Is there any way to ingest html file into elasticsearch? So far I have seen a command to ingest json files.

I have a file which contains html content different html tags etc. Requirement is to store some content as a String and some tags as it is in the elasticsearch.


(David Pilato) #2

You can use html trip char filter.
You can also look at ingest-attachment plugin.


(s) #3

Thanks @dadoonet
I saw the plugin document and installed it but I could not understand how the file should be provided in that API

In document it is shown as
PUT my_index/my_type/my_id?pipeline=attachment
{
"data": "e1xydGYxXGFuc2kNCkxvcmVtIGlwc3VtIGRvbG9yIHNpdCBhbWV0DQpccGFyIH0="
}

Ho can I specify my file? Do I need to specify file path somewhere?


(David Pilato) #4

You need to encode the content of the file in BASE64 and add this to The json document.

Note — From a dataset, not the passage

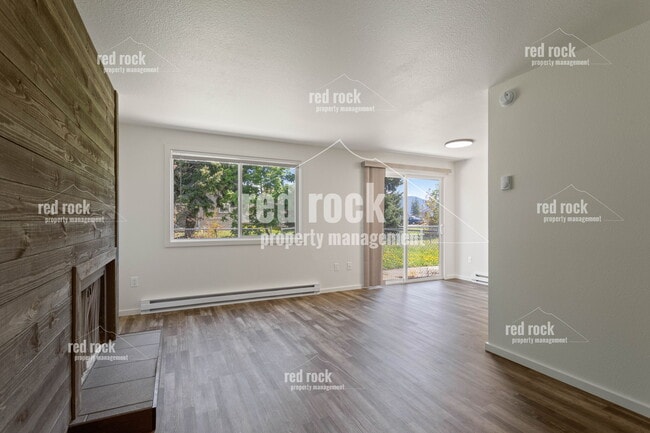 Building Photo - 3901 W Spiers Ave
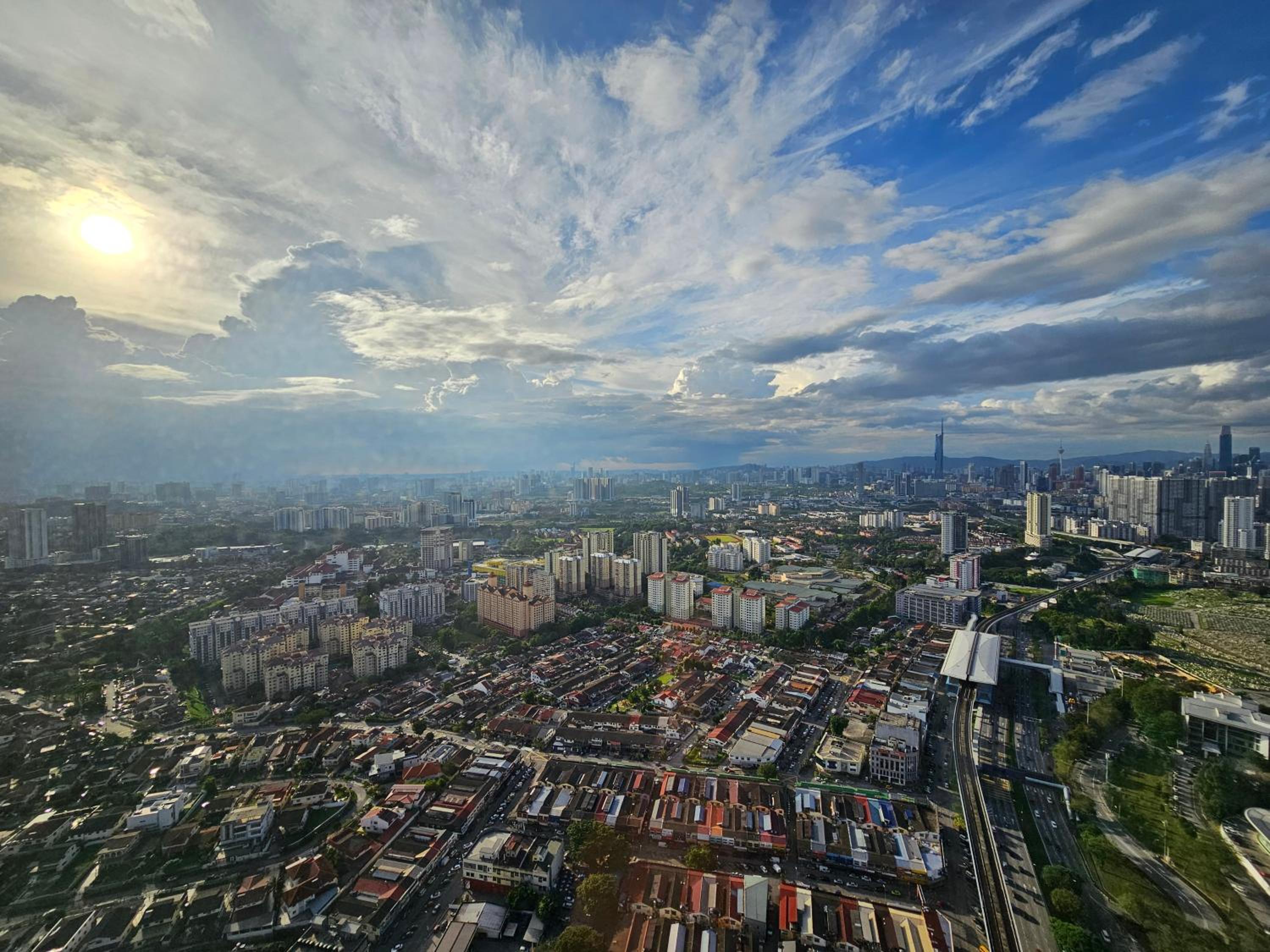 Arte Cheras The Premium Suites by iLuxHome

You can also look at FSCrawler project if you wish. Might help


(s) #5

Thanks @dadoonet : Encoding with BASE64 worked. It stores the actual text in the index. Is there any way if I want to store it with actual HTML tags. I wanted to store few tags like table tag as it is in the index whereas rest of the data can be stored by eliminating html tags.


(David Pilato) #6

Then you need to send as well the HTML content within another field. Which can be not indexed


(system) #7

This topic was automatically closed 28 days after the last reply. New replies are no longer allowed.